Eppure Draghi una mano l’aveva offerta. A sindacati e imprenditori aveva annunciato provvedimenti in favore dei più poveri, un salario minimo per le categorie non protette, una sforbiciata alle tasse. Una svolta, secondo Letta, che avrebbe dovuto indurre l’alleato (o ex) a tornare sui suoi passi. Conte, ci avrebbe provato. Poi nella pausa della riunione del vertice pentastellato ha parlato con Draghi. Entro luglio arriveranno alcuni dei provvedimenti richiesti nel documento presentato al premier. Del resto li ha promessi anche ai sindacati. Inutile.
Quando verso le 20 è tornato a riunirsi il vertice pentastellato la decisone era presa. A Conte, per non essere travolto, non è rimasto altro che assecondare il processo che lui stesso aveva promosso pensando di poterlo dominare. Ma quel che resta dei 5Stelle è un magma incontrollabile, si muove su spinte emotive e non razionali. Così gli appelli di Letta sono caduti nel vuoto anche se questo potrebbe portare alla morte in culla di un’alleanza che ancora non ha mosso i primi passi. Non ha contato il fatto che quei provvedimenti per i più svantaggiati con una crisi non avrebbero mai visto la luce.
Alle 22 si riuniscono i gruppi parlamentari per ratificare la scelta. C’è chi dissente, chi corre da Di Maio in cerca di una illusoria protezione. C’è chi furbescamente pensa che non ci sarà il ricorso al voto e disegna scenari ipotetici che non tengono conto della volontà di Draghi e del vantaggio che si è dato al centrodestra come dimostra la dichiarazione di Salvini: se i 5Stelle non votano la fiducia ci sono le elezioni. C’è una furbesca linea di pensiero che ritiene scontata la salita al Quirinale da parte di Draghi. Così come ritiene altamente probabile che Mattarella invece di sciogliere le Camere inviterà Draghi a presentarsi alle Camere per verificare se ha ancora la fiducia. I 5telle potrebbero votare la fiducia e incidente chiuso. Questa prospettiva non fa i conti con la volontà di Draghi, ribadita in più occasioni, non fa i conti con il centrodestra, che potrebbe considerare chiusa la partita e con lo stesso Pd in cerca di altre alleanze.
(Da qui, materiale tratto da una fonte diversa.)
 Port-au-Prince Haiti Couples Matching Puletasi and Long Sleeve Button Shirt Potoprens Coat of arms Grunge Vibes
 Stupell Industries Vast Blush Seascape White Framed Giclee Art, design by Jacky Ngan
Così oggi al Senato, con molta probabilità, l’uscita dall’aula segnerà la fine della legislatura. Rimandando di mesi la realizzazione delle procedure per accedere ai fondi del PNRR, regalando in dote al prossimo esecutivo il non facile compito di una legge di bilancio che faccia i conti con la crisi energetica, l’inflazione, l’aumento del debito e il rischio di recessione. Se tutto andrà come previsto, stasera il decreto aiuti, oltre 20 miliardi di interventi, otterrà il via libera. Subito dopo Draghi si recherà da Mattarella per avvertire che la maggioranza non c’è più. Poi la parola passerà al Capo dello Stato. E probabilmente agli elettori prima del previsto.